He has further provided in the First Schedule that in all cases the scheme shall be laid upon the Table of the House and then, unless a Resolution is passed rejecting or annulling the scheme, it shall become law. The Amendment raises, therefore, the question of the difference between what is called the affirmative Resolution of the House and the negative Resolution. It is undoubtedly true that the negative Resolution of this House, as our Rules are at present constituted, is futile. A scheme is laid upon the Table of the House which means that a copy is put somewhere in the Library. It has to come on at Eleven o'clock at night. At that late hour a private Member who may be interested has to get a Resolution passed in order to annul the scheme. He has no means of informing the Members of the House of what the question really is however important it may be, and he has no means of getting Members to attend. He is talked out at half-past Eleven o'clock, and the whole thing is practically a farce as far as any protection of members of the public are concerned.

If, on the other hand, the Minister has to obtain an affirmative Resolution he has to get the House to agree to the scheme, and he has all the means at his disposal of securing the attendance of Members and of keeping the House together. The sole question really is to decide whether the matters involved are of sufficient importance that an affirmative Resolution ought to be secured for the protection of the individual. If hon. Members will carry back their minds to the days of Magna Charta they will remember that it was there provided that no man should be deprived of his liberty or dispossessed of his property except according to law.

Clause 47 of the Bill provides that every local authority of 20,000 inhabitants shall within two years set in motion the procedure of the Act and design and bring into operation a town planning scheme under the Act. The time may be extended at the option of the Minister. As I have already pointed out, the Minister is the sole person to decide all those schemes. The matter is decided in his office without hearing it argued. The Bill confers upon the Minister the powers which have hitherto only been granted by this House under private Bill procedure after investigations by Members of the House when all parties have been heard. After the Bill is passed no private Bills will be necessary for any town planning scheme of whatever magnitude it may be, as the procedure will rest entirely upon the provisions contained in the Act. The objector ought to have the right to have his case brought before Parliament if he so desired. I do not suggest that the procedure would be resorted to in a great many cases, but the advantage of such procedure would make the local authority more careful in the preparation and design of the scheme. It would make the Minister and his office more careful. It does not need a lawyer to say that the mere effect of an appeal makes the courts more careful in their action, and thereby the mere provision of the power of appeal makes, in numerous cases, an appeal absolutely unnecessary.

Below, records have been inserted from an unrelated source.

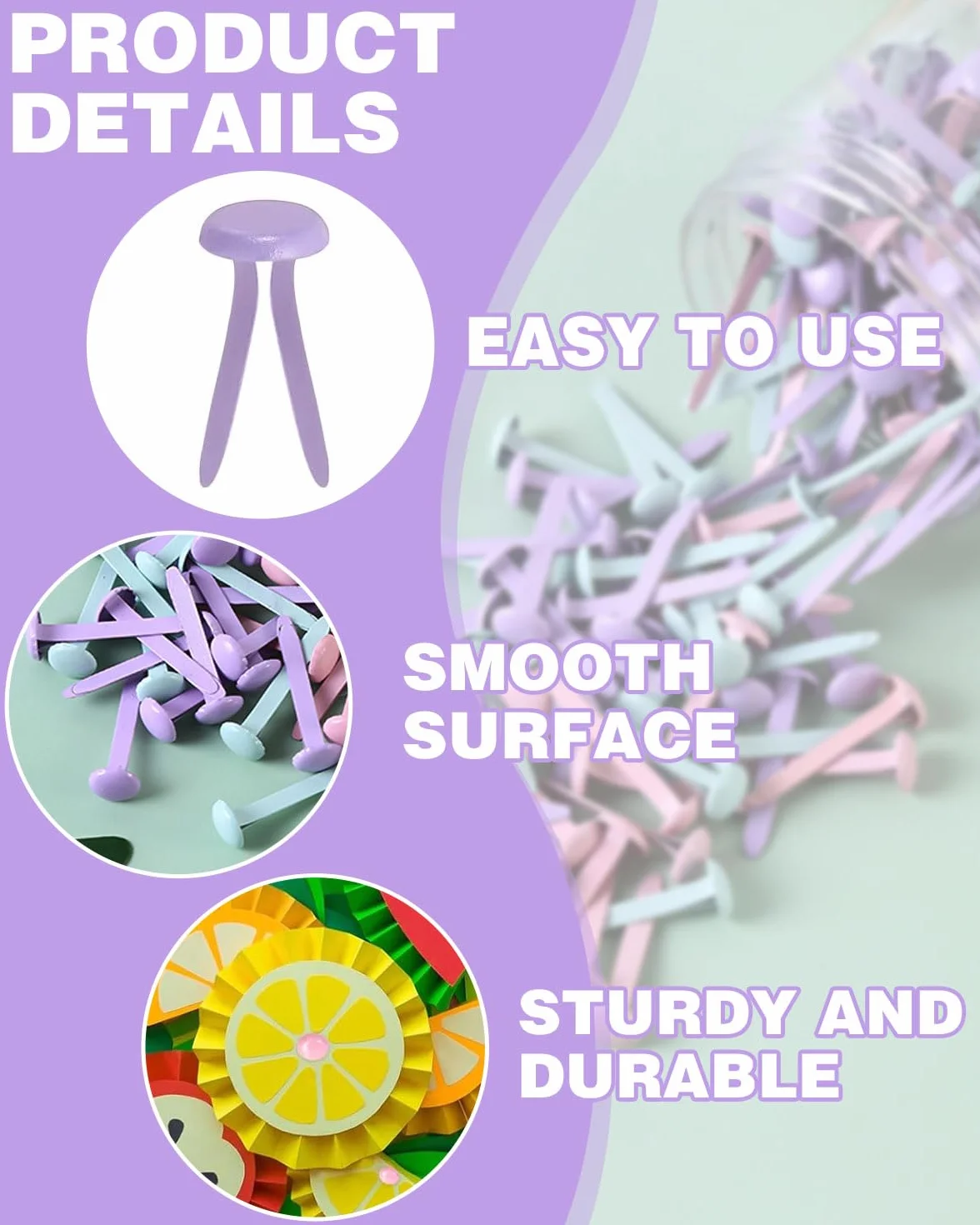 100 Pezzi Fermacampioni Piccoli Mini Scrapbooking Brads Colorati Metallo Elementi di Fissaggio in Carta per Fabbricazione Artigianale Scrapbooking Fai da Te(Colori dei macaron)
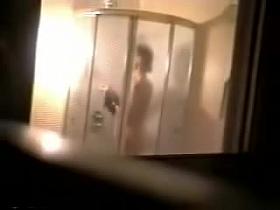 Blonde babe shower spy cam scenes spied through window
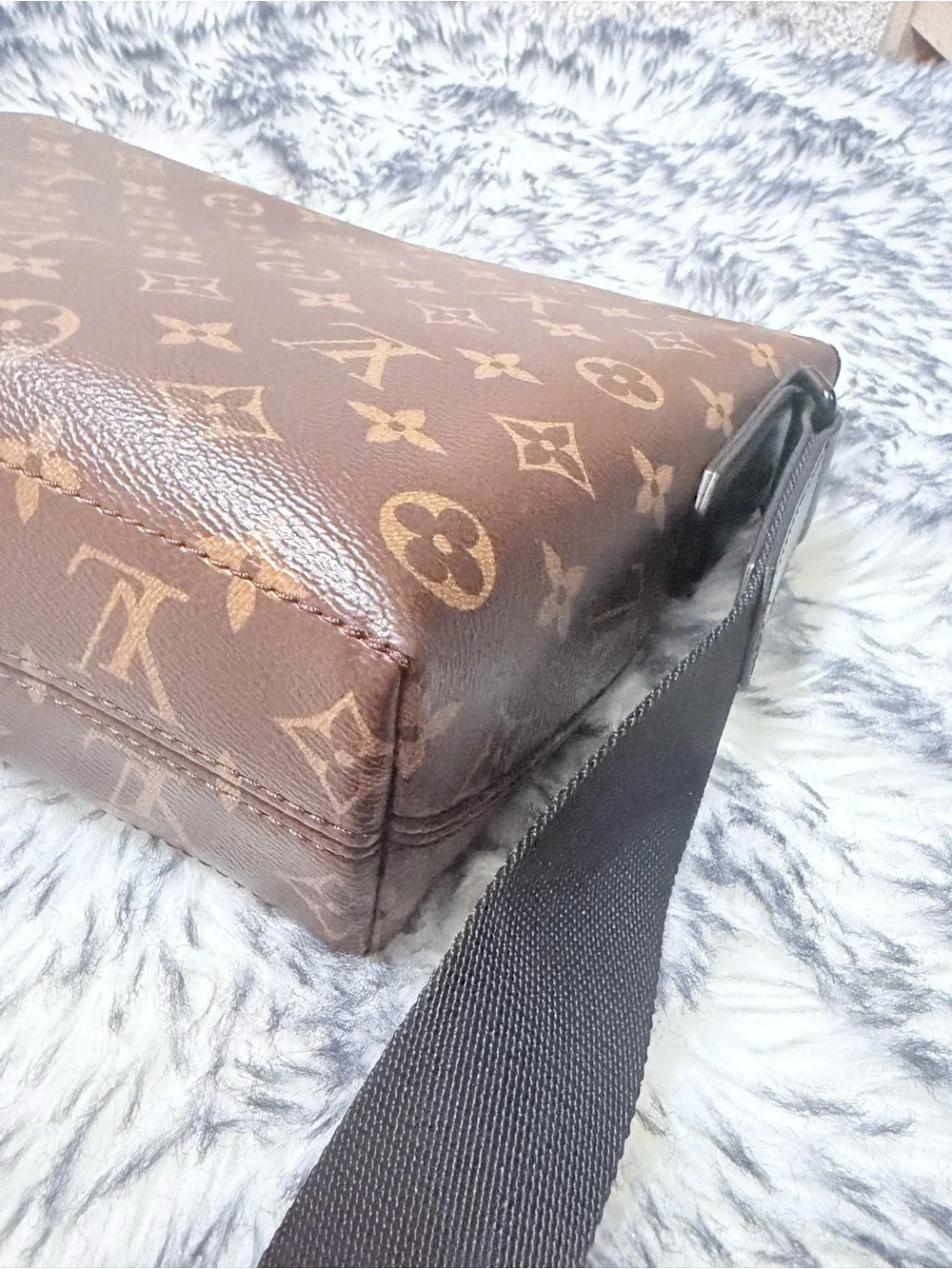 Monogram Canvas Crossbody Messenger Bag - Brown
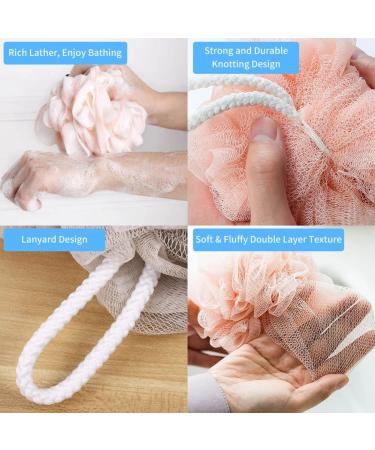 6pcs Bath Loofahs Shower Sponge - Exfoliating Bath Puffs for Men and Women in 6 Colors - Buy Online on GoSupps.com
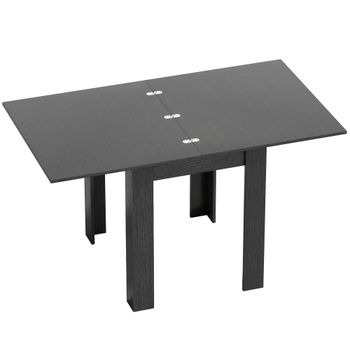 HOMCOM Mesa de Comedor Extensible para 4-6 Personas en Madera y Acero 140x80x77,5 cm Negro   Aosom España
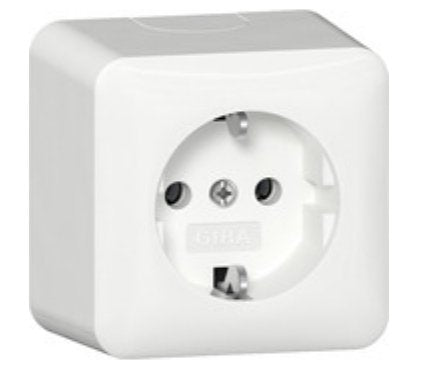 Gira 444013 Schuko-Toma De Corriente + Placa De Montaje. Ap Blanco Puro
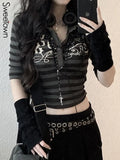 Goth Print Tops Stripe Cute Y2K T-Shirts Dark Academia Techwear Button Up V Neck Half Sleeve Sweat Shirts Grunge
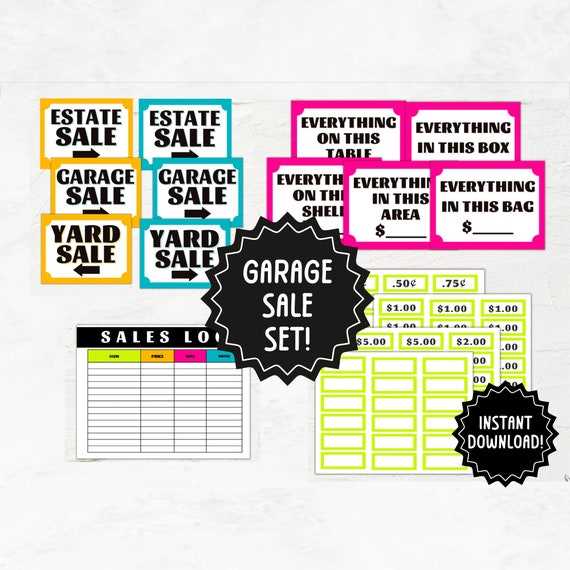 garage sale printables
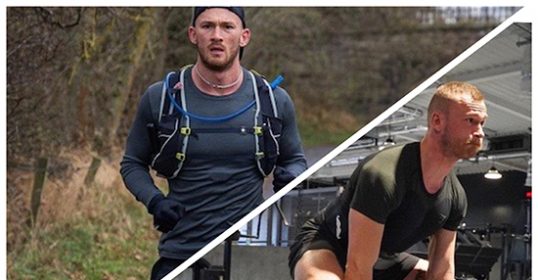 Two pictures of a man doing squats and lifting a barbell.
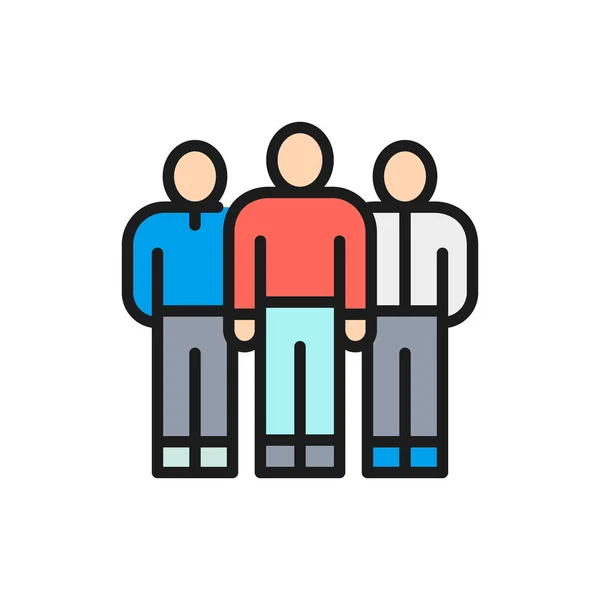 Equipo de negocios de vectores, grupo de personas, trabajadores de la empresa icono de línea de color plano . — Vector de stock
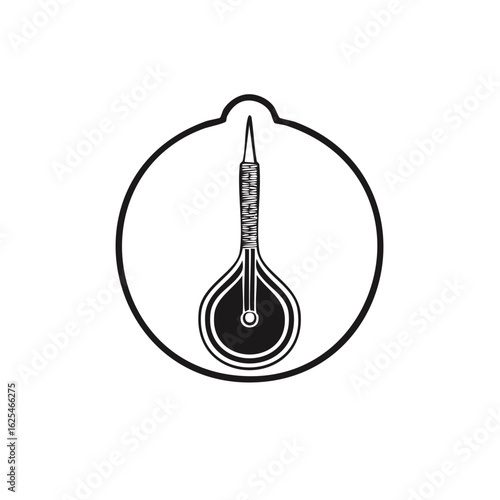Abstract Black and White Icon of a Stringed Musical Instrument
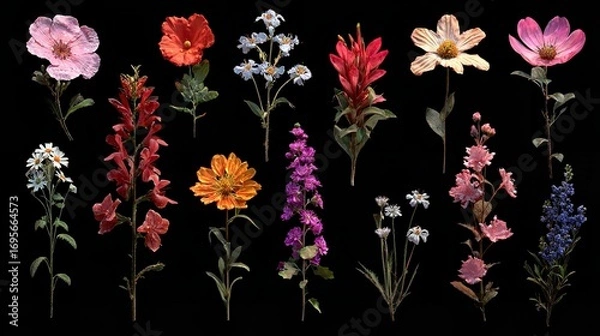 Fototapeta Assorted Colorful Flowers Against a Black Background Showcase a Vibrant Floral Display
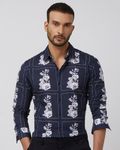 Navy Floral Print Slim Fit Casual Shirt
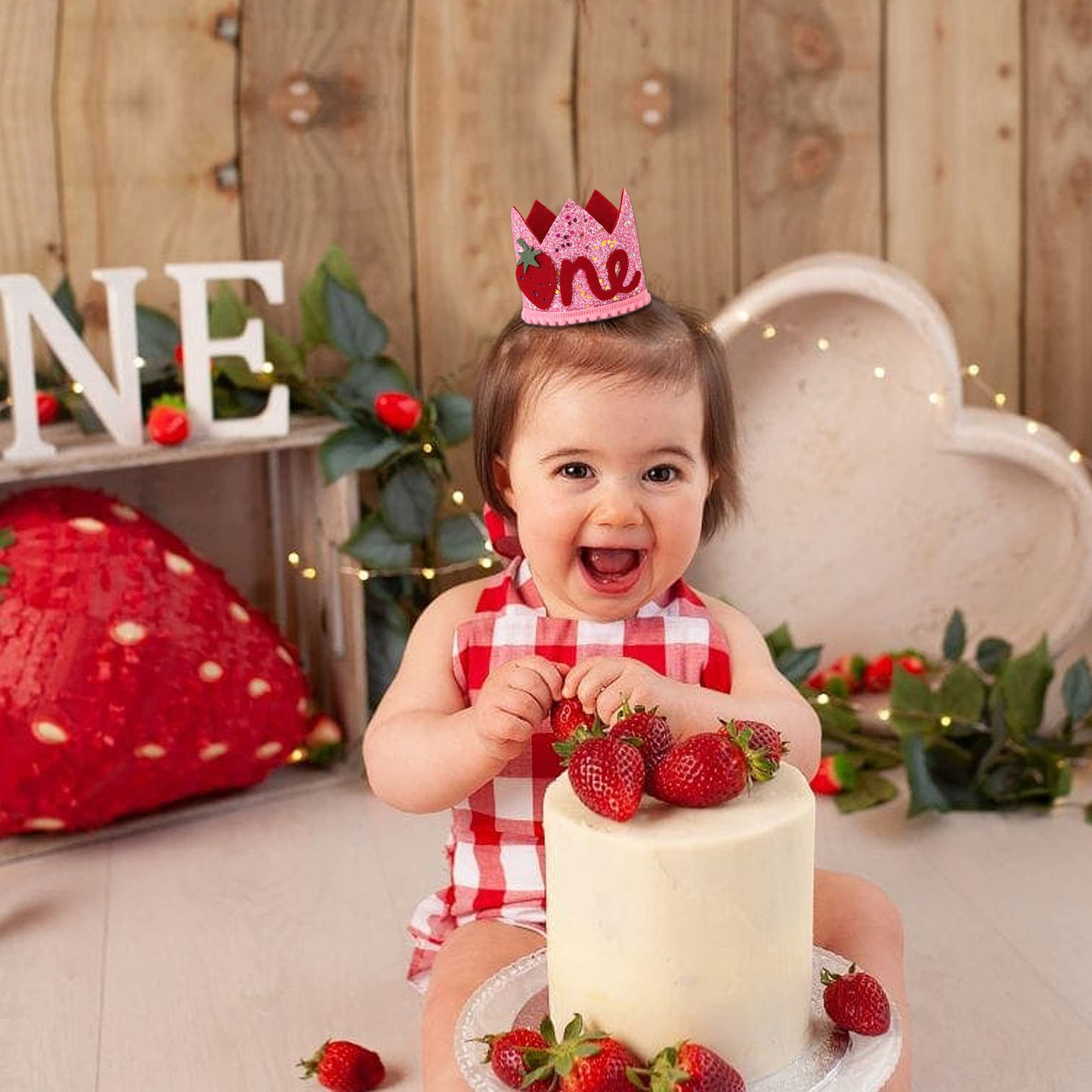 MADENG Pink Strawberry Hat/Crown - First Birthday Decoration, Berry Sweet Cake Smash Prop, Party Supplies Backdrop for Baby Girl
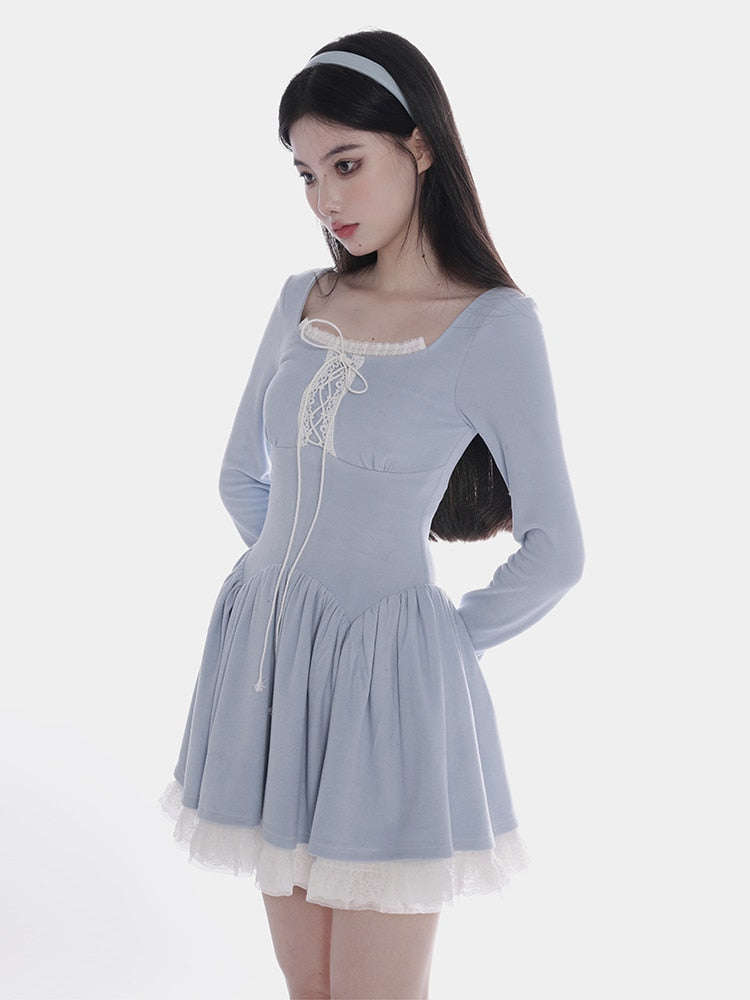 Lizakosht Sweet Dresses Women Summer Long Sleeve Lace Trim Square Collar Lace-up A-line Chic Fashion Mini Dress for Kawaii Girls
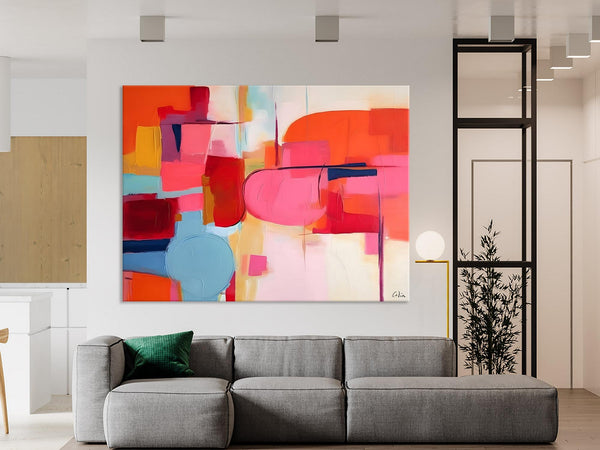 Acrylic Paintings Behind Sofa, Abstract Paintings for Bedroom, Original Hand Painted Canvas Art, Contemporary Canvas Wall Art, Buy Paintings Online-Silvia Home Craft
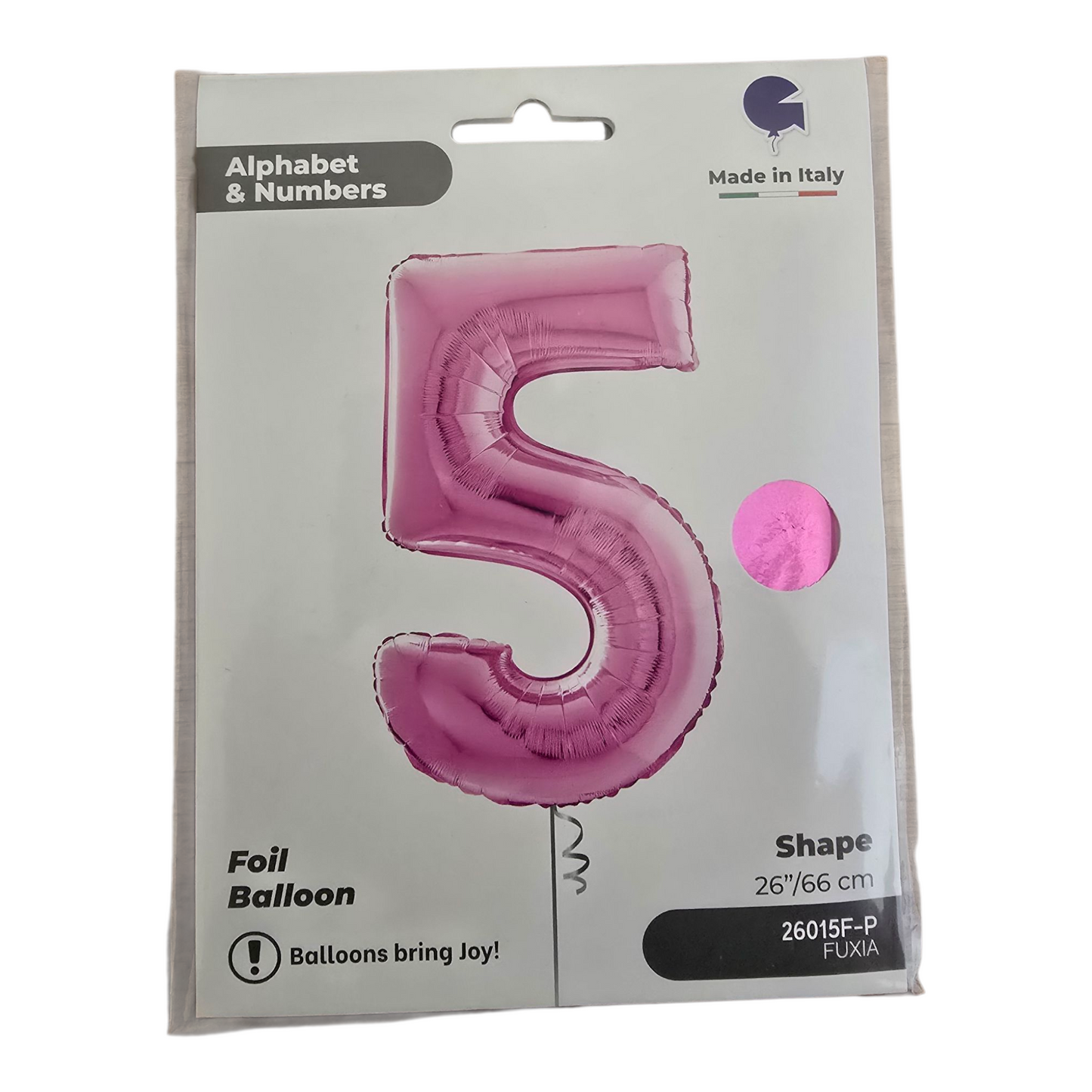 26 inch No 5 Balloon in Fuxia by Alphabet & Numbers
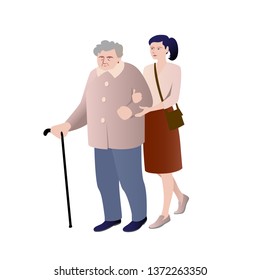Modern creative flat design on young volunteer woman caring for elder woman . Adult woman helping and supporting old aged female . Color vector illustration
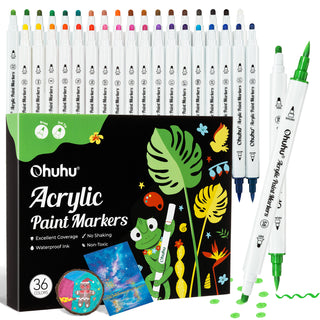 Ohuhu Acrylic Paint Markers Cotton-core 36 Colors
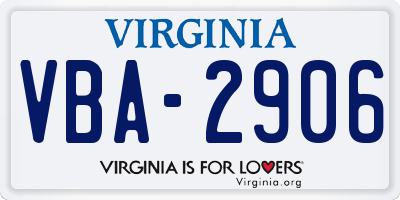 VA license plate VBA2906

I suggest in my Amendment that an affirmative Resolution should be passed. A scheme would then come before the House, and, unless cause were shown for further investigation, it would be passed by the House as it stood, whereas the usual course which follows an Order under the Electricity or other Acts of Parliament when a prima facie case for further investigation has been made out, is for the case to be sent from the House to a Select Committee at a minimum of expense as far as Party procedure is concerned. I commend the matter to the Minister for further consideration. As a matter of constitutional practice, it is very desirable. I suggest to him and to the House that it would give much greater confidence to the public at large if there was this procedure in reserve to see that the Act was properly administered in the interests of the general public.


In supporting the Amendment, I appreciate that Ministers as a whole always possess a degree of perfection far greater than that of any ordinary private individual, but however great that perfection may be, even Ministers may be fallible. If even in one case out of 100 Ministers came down from their perfection to the common failures of humanity, then indeed some unfortunate objector might not receive justice. I suggest, as my hon. and learned Friend the Member for East Grinstead (Sir H. Cautley) has pointed out, that the affirmative Resolution is an easy and simple matter of dealing with this question. It will not mean a great deal of extra work upon Parliament. The whole experiments in regard to Special Orders under the gas and electricity Acts have shown that only upon a very few occasions has the procedure been necessary, but it does and will give a certain degree of public confidence and at; the same time vindicate to some degree also the sovereignty of Parliament over any departmental legislation whatever. So long as objectors can come before Parliament and so long as, under the affirmative Resolution, they are in a position once again to come before a Select Committee of the House to put their case when there is a substantial objection, so long will you have even greater confidence in the work of the Ministry in regard to Acts such the Town and the Country Planning Act. The whole thing boils down to the very marrow limits dealt with by my hon. and learned Friend the Member for East Grinstead, and I sincerely ask the Minister, in the interests of the public and of Parliament, to consider favourably the Amendment which has been moved.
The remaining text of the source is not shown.